Humbug! Glad to see the back on him. Cannot think of anything substantive that he will be remembered for...other than 'good to go'.


----------



## fatcat (Nov 11, 2009)

i will miss harper and think he was good for the nation even though he was so personally unlikable, i got really tired of him at he end

i would love to see rona ambrose lead the pc's and am sorry that she won't

mr. justin trudeau never met a flashbulb he didn't like and i suspect doesn't have the chops to travel the hard road a pm must travel, i will try to give him a break, stop the war on drugs and give me the right to die on my terms and we probably get along fine, and in the meantime thank god for his smokin hot wife

thomas mulcair seems like a nice man with lousy political instincts which probably means he's a decent and good person and shouldn't be in politics ... 44 seats is about right for his party who should tell us all what government should be doing but never have the power to actually do it

elizabeth khadr can travel light, she need only carry a mirror when she addresses her caucus, that seems about right because the greens are a hopelessly clueless party and totally unfit to govern, they can't even wave their arms and howl like the ndp

duceppe can go make cheese as far as i am concerned, i could care less, his party will never be able to do the right thing and get the f out of confederation and we will have to listen to their bitching until the end of time

i'd like to turn the whole government over to lord black who could rule unaided as a strongman ... unlike donald trump he would offer the benefit of at least being well spoken and smart if much less entertaining


----------



## sags (May 15, 2010)

Yea............even Brian Mulroney, who was held in a little contempt in some circles.........is now remembered by most Canadians as a decent guy.

When he speaks, Canadians listen..............as they do to Chretien, Martin and most probably Harper as well.
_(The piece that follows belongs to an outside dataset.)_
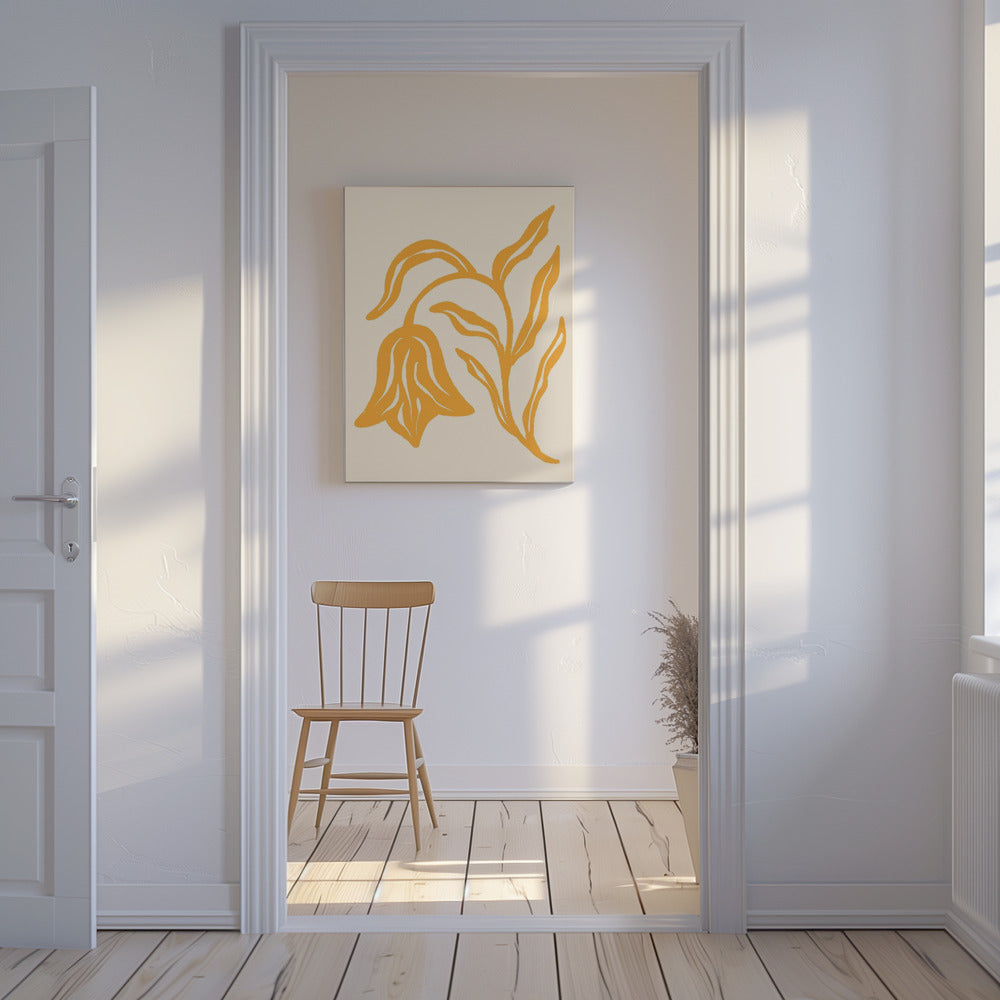 Golden Blossom Silhouette | Canvas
I think it speaks volumes, that after leaving office our PMs get jobs, ride the subways and are much like their neighbors, just going about their daily business.


----------



## fatcat (Nov 11, 2009)

sags said:


> I think it speaks volumes, that after leaving office our PMs get jobs, ride the subways and are much like their neighbors, just going about their daily business.


i agree and hope they can always do this in safety ... in the smaller countries in europe the prime minister will travel with an aide and maybe a bodyguard but you walk right up to them on the street


----------



## fraser (May 15, 2010)

Mulroney, lyin' Brian, may not have been the best but he will be remembered for a few things. 

The Free Trade Agreement. Standing up (along with Joe Clark) to the significant economic and political blackmail threats from Great Britain's PM and the American President for our stand on South Africa's Aparthied.

And of course Airbus and that USD cash that he 'forget to claim' on his income tax return.

Cannot think of one significant item that Harper will be remembered for

Well perhaps...niquab or the 'hotline'.


----------



## dogcom (May 23, 2009)

Maybe the TFSA could something to remember Harper for but otherwise your right there is not much to remember good or bad.


----------



## steve41 (Apr 18, 2009)

A little something to brighten your day ...


A guy goes into a bar on Georgia Street, and is surprised to see a robot bartender. The robot asked, “What will you have, sir?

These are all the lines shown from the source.